Raw data: Begin

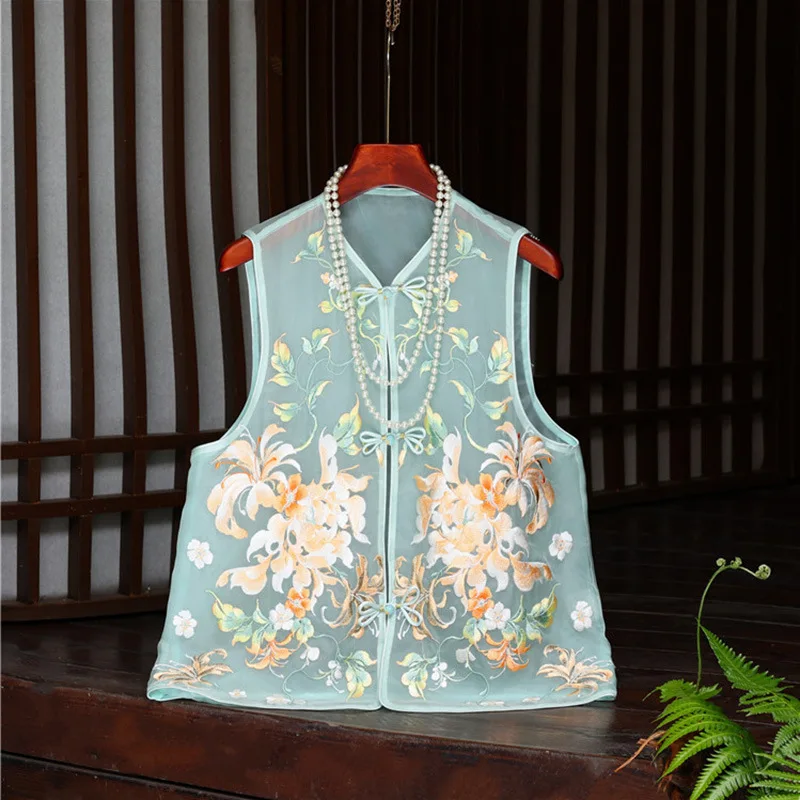 

High-end Silk Vest Women's Spring And Summer Embroidery Loose Sleeveless traditional Chinese Garments Lady Top S-XXL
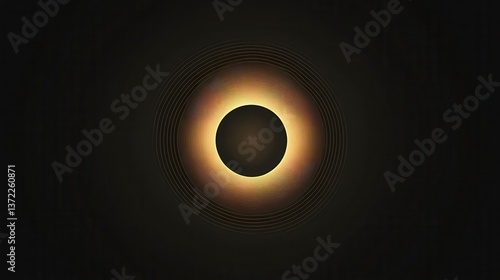 Abstract Sun and Moon Pattern with Black Background and Waves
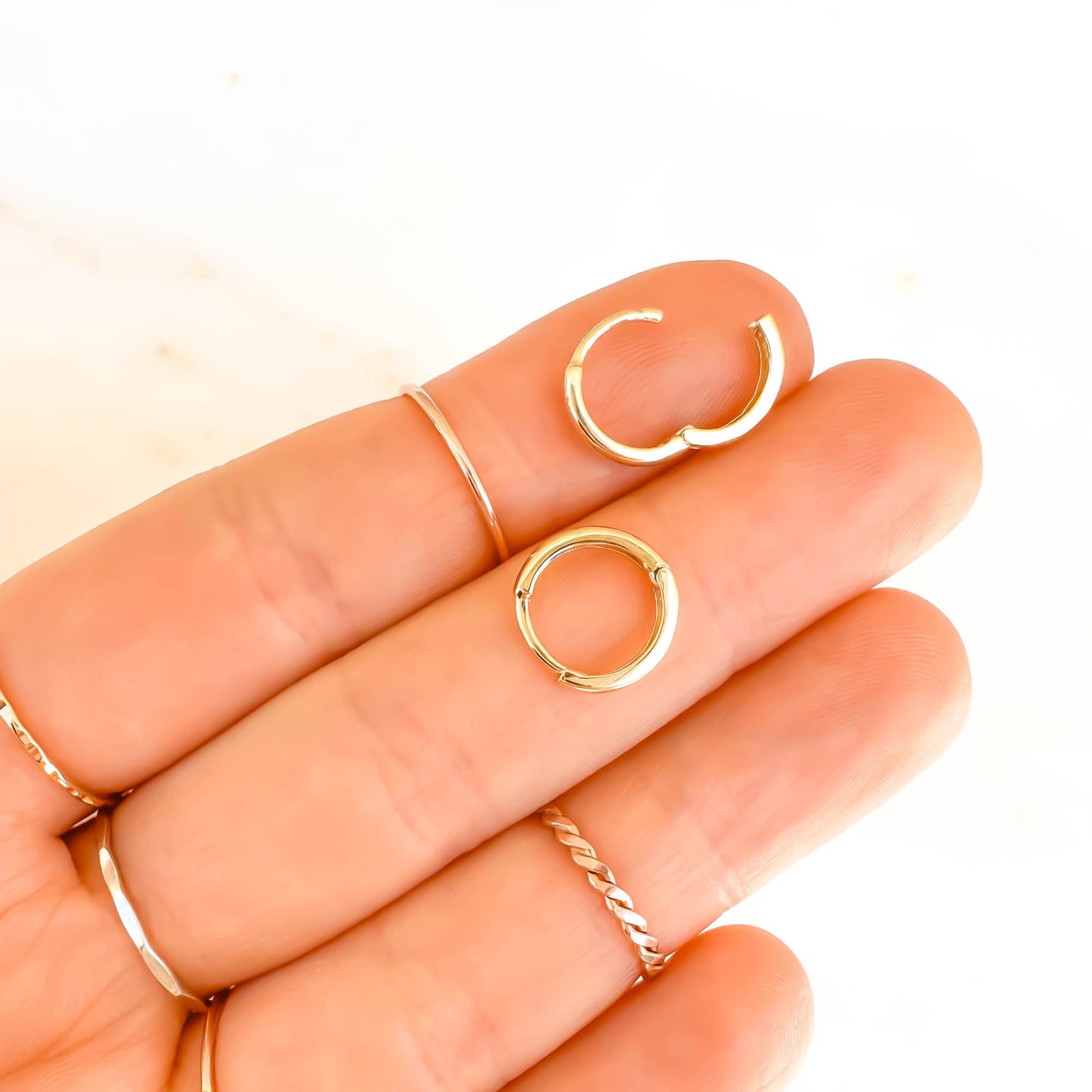 14K Solid Gold Hinge Hoop Huggie, 8mm
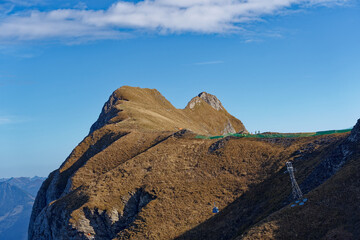 Scenic view of mountain peak Tschingel at Axalp, Canton Bern, on a sunny autumn day. Photo taken October 18th, 2022, Axalp, Switzerland.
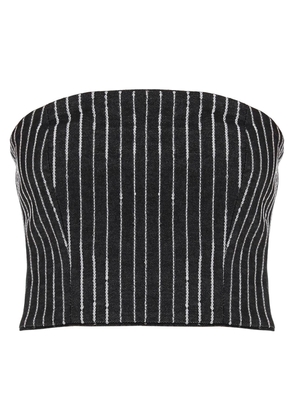 Rotate cropped top with sequined stripes - 38 Black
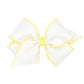 Wee Ones Girls' Classic Grosgrain Moonstitch Hair Bow On A Weestay No-Slip Hair Clip, Small, White W/Light Yellow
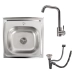 SET overlay sink 5050 SATIN 0.7/160 TM Valeso + mixer tap NS02A Valeso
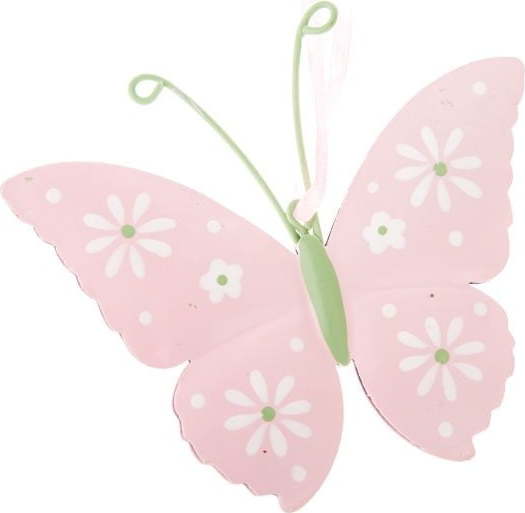 Sada 2 růžových kovových závěsných dekorací Dakls Butterfly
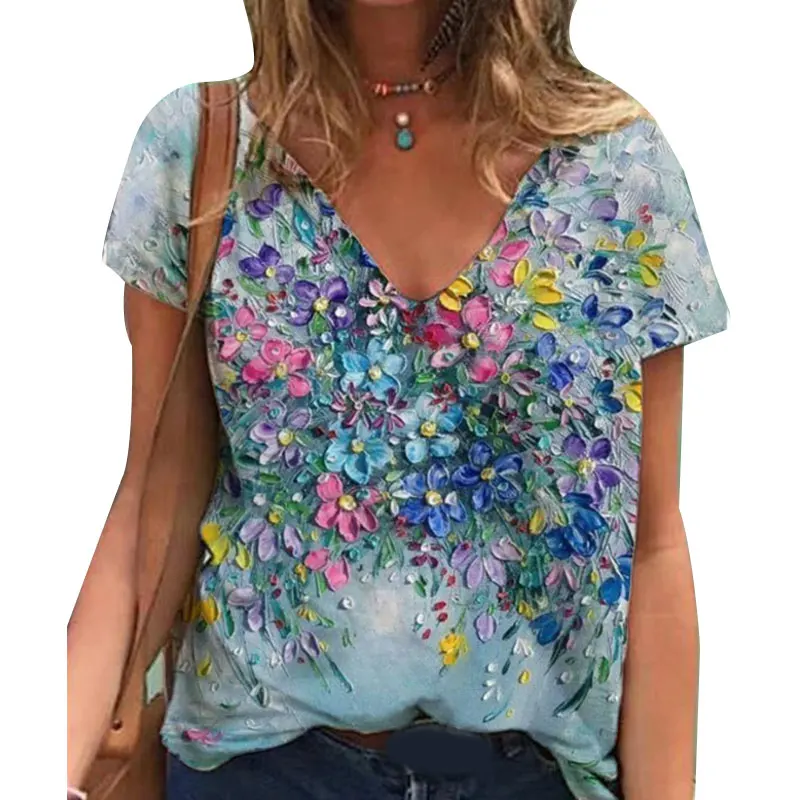 

Women's T-shirt 2021Spring and Summer New Fashion Vintage Woman Tshirts Plus Size Women Short Sleeve Printed V-Neck Tops T-Shirt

Raw data: End

• [Exercise directions]: Where a line of the records holds the word "Summer", copy that line.

• [Result of this task]:
High-end Silk Vest Women's Spring And Summer Embroidery Loose Sleeveless traditional Chinese Garments Lady Top S-XXL
Women's T-shirt 2021Spring and Summer New Fashion Vintage Woman Tshirts Plus Size Women Short Sleeve Printed V-Neck Tops T-Shirt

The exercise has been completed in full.